Mexique
04.11.09
Interventions urgentes

M. Jacobo Silva Nogales et Mme Gloria Arenas Agis ont été libérés_Allégations de torture et autres mauvais traitements

Cas MEX 050602.3_FR
Suivi des cas MEX 0500602, MEX 0500602.1 y MEX 0500602.2
Mises en liberté

Genève, le 4 novembre 2009

Le Secrétariat International de l’Organisation Mondiale Contre la Torture (OMCT) a reçu de nouvelles informations concernant la situation suivante au Mexique.

Nouvelles informations

Le Secrétariat International de l’OMCT a été informé par des sources fiables, parmi lesquelles Antenna Internationale, une organisation membre du réseau SOS-Torture de l’OMCT, au sujet de la libération de Mme Gloria Arenas Agís et de celle de M. Jacobo Silva Nogales. Ceux-ci avaient été arrêtés en octobre 1999, et l'OMCT avait émis des actions les concernant, en raison de violations des droits de l'Homme, incluant des allégations de torture et de mauvais traitements[1], dont ils avaient été victimes.

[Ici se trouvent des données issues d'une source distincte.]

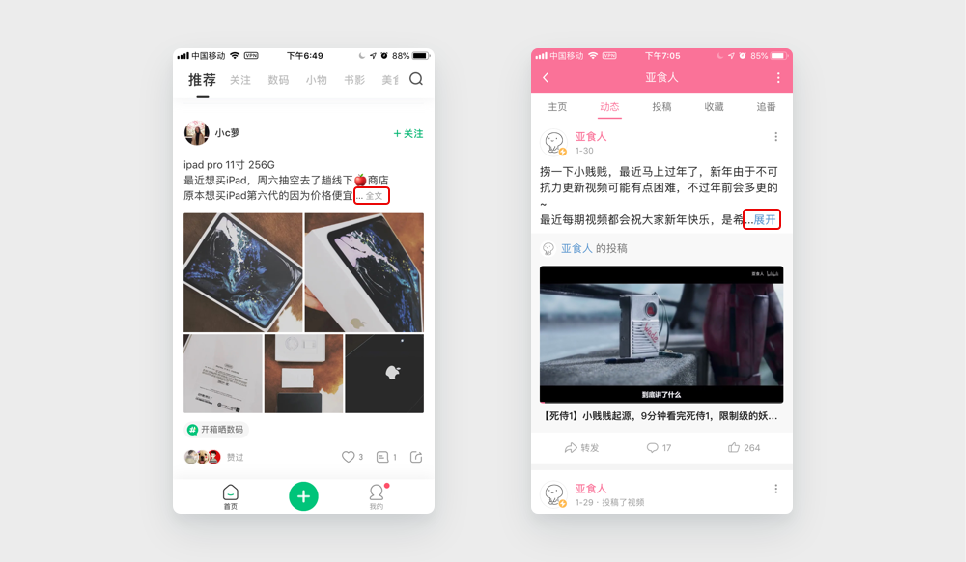 案例1：新草、bilibili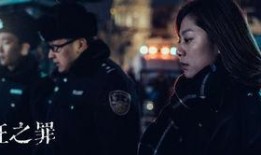 无证之罪6在线观看,暗流涌动的罪与罚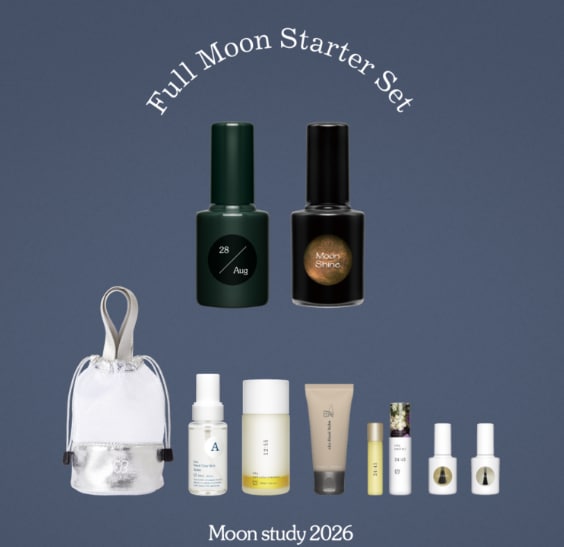 満月に合わせて登場！ uka Moon study 28／Augの先行予約がスタート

Selon les informations reçues, Mme Gloria Arenas Agís et M. Jacobo Silva Nogales ont été remis en liberté, respectivement le 28 octobre 2009 et le 29 octobre 2009, après avoir passé dix ans en prison purgeant une peine, selon les dénonciations injustes, d'environ 50 ans. Leur libération a eu lieu suite à une décision (amparo) de la justice fédérale en leur faveur après avoir été détenus durant dix ans.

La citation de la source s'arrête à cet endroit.